- Born: 1912 Harlem, New York
- Died: 1974
- Occupation: Actress

= Gwen Reed =

Actress and educational advocate

Gwen Reed (1912-1974) was an actress and educational advocate from Hartford, Connecticut. She was an African-American person.

== Biography ==

=== Early life ===
Gwendolyn B. Clarke was born in Harlem, New York, in 1912, to Georgianna and George Nathanial Clarke. Clarke's parents separated while she was still a child, and she moved with her mother to Hartford, Connecticut. Clarke worked with her mother in Connecticut tobacco fields.

Clarke graduated from Hartford Public High School and then briefly studied law at Hartford Federal College. In 1935, she married John T. Reed. After four years, they separated, and in 1948, they divorced.

=== Career ===
In 1936, Reed began work as a secretary for the Charles Gilpin Players. The Players performed as part of the "Negro Unit" of the Connecticut Federal Theatre Project. The group was named after the Black actor Charles Gilpin, who created the leading role in Eugene O'Neill's The Emperor Jones. The next year, Reed received her first theatrical role, a small role in the Gilpin Players' production of Trilogy in Black. Reed went on to act in more productions, such as The World We Live In, Mississippi Rainbow, and The Emperor Jones. A reviewer described Reed's February 1938 performance as May in The Field God as "by far the best player."
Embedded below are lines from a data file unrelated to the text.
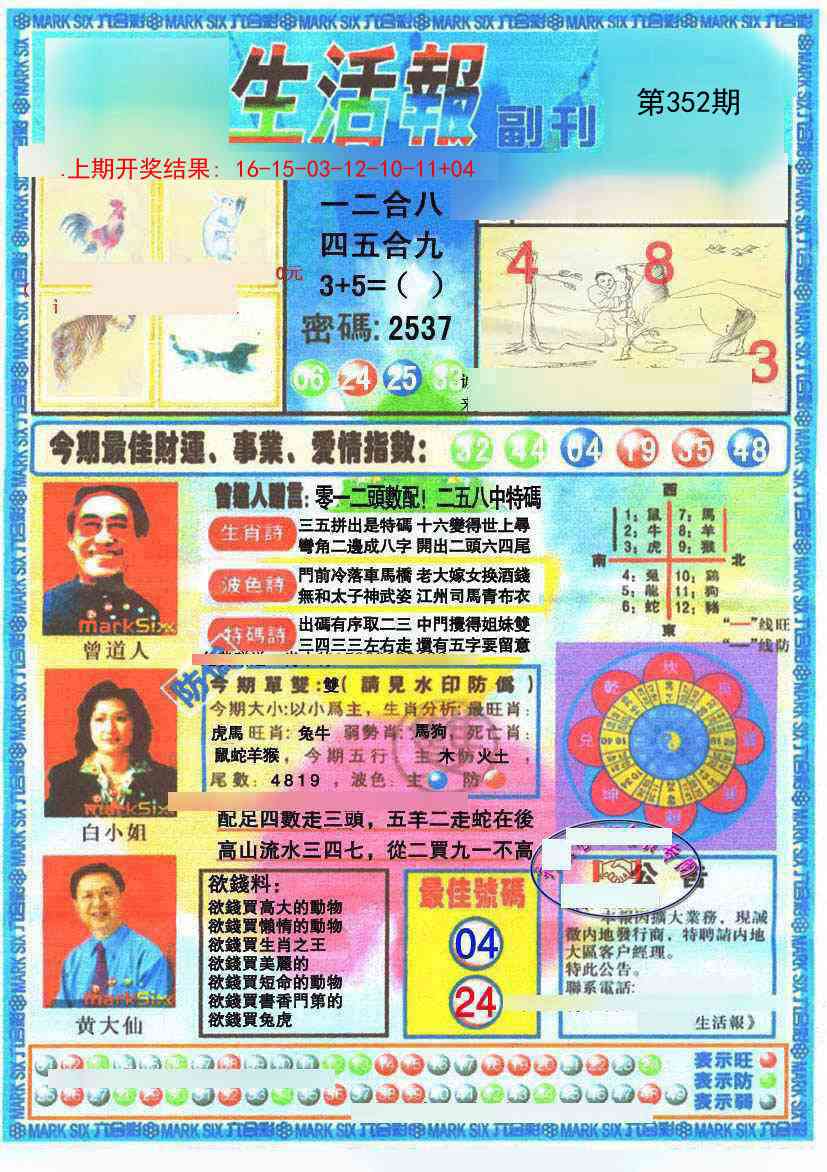 352期生活报[图]
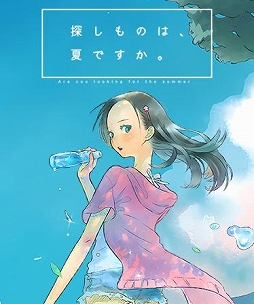 画像ギャラリー No.005のサムネイル画像 / 「レイジングループ」「千里の棋譜」「クロステイルズ」「封魔戦記エルドギア」などが最大67%オフに。ケムコ Steamパブリッシャセール開催中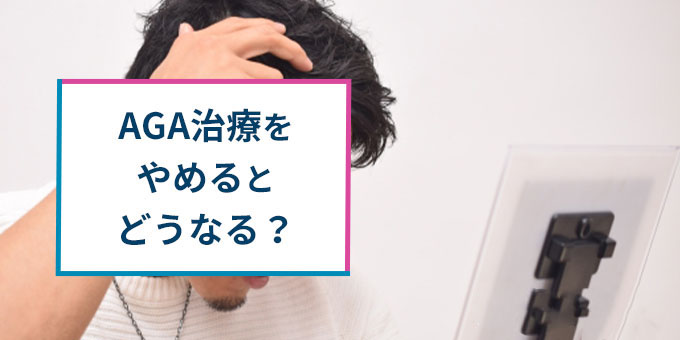 AGA治療をやめると？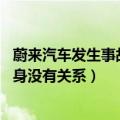 蔚来汽车发生事故（蔚来回应汽车坠落：意外事故 与车辆本身没有关系）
From 1946 to 1964, Reed took on the role of the fictional spokesperson Aunt Jemima, representing Quaker Oats Company products. She traveled to festivals, grocery stores, and state fairs, promoting the brands. Her real name was never given in newspaper clippings of her appearances.

Reed also continued to appear in community theater productions, including the Mark Twain Masquers, Cue and Curtain, Glastonbury Players, Center Playhouse, Image Playhouse, Triangle Players, and The Oval.

In 1951, Reed became the director of the Hartford Community Players. For the next 16 years, the troupe put on many productions, including A Raisin in the Sun, Rain, and Purlie Victorious. Reed won the Herald Award for best supporting actress in Purlie Victorious.

=== Educational advocacy ===
Reed was active in educational and community work. She read stories to children at the Children's Corner of the Hartford Public Library, which later became a local television segment on Channel 3, "Story Time with Gwen Reed." Reed was an active member of the Head Start and Reading is Fundamental programs. She also started the Playtime for Tots program to help preschool children in her Hartford Bellevue Square housing complex.

=== Legacy ===
After Reed's death in 1974, Hartford mayor George Athanson dedicated the story room the Gwen Reed Room at the Hartford Public Library in her honor. A star on the library's patio honors Reed's contributions to Hartford. The Hartford Public Library holds the Papers of Gwen Reed.

The theater group HartBeat Ensemble was given $15,000 in 2021 by the New England Foundation of the Arts to create a new play about Reed.